I turned onto the Kimballs’ gravel driveway well out of reach of the light from the front porch. The wind rustled softly through the trees and I picked up my pace. Being out on this part of the road at night made the hairs on my neck stand on end. The shadows were so dark inside the trees that almost anything could be hiding there, but I’d take my chances with the shadows before I would go back to Collin.

At the end of the driveway a dark car sat idling in front of Ms.

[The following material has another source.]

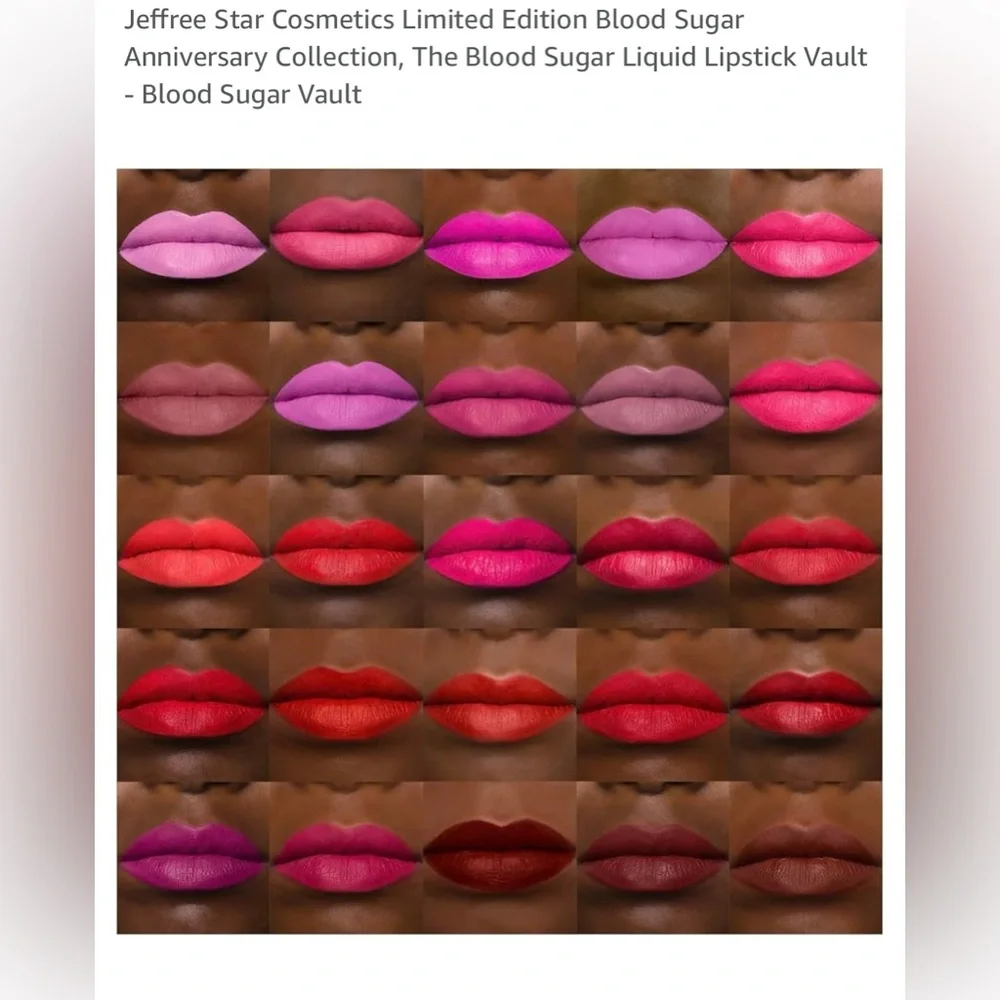 New Jeffrey Star 3 liquid lipsticks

Harper’s lane.

“Hello?” a voice called from inside the car.

I stopped short. In front of me, the car door opened and the light from the dash illuminated Ms. Harper’s surprised face.

“Ella, is that you?” She peered past me toward the Kimballs’ driveway.

I started to turn back to the house before I reconsidered. Ms. Harper was peculiar, but she didn’t frighten me the way that Collin did.

“It’s so nice to see you again, dear,” she said, climbing out and slamming the door behind her. “I’ve been wanting to apologize about the last time I saw you. I can be kind of abrupt. It’s not my best quality.”

She smiled apologetically. Out here in the dark, she seemed so much older and smaller than I remembered.

“Thank you. It’s nice to see you as well,” I squeaked, trying to compose my voice. Ms. Harper certainly wasn’t someone I’d choose to talk to on a normal occasion, but at the moment her presence almost calmed me.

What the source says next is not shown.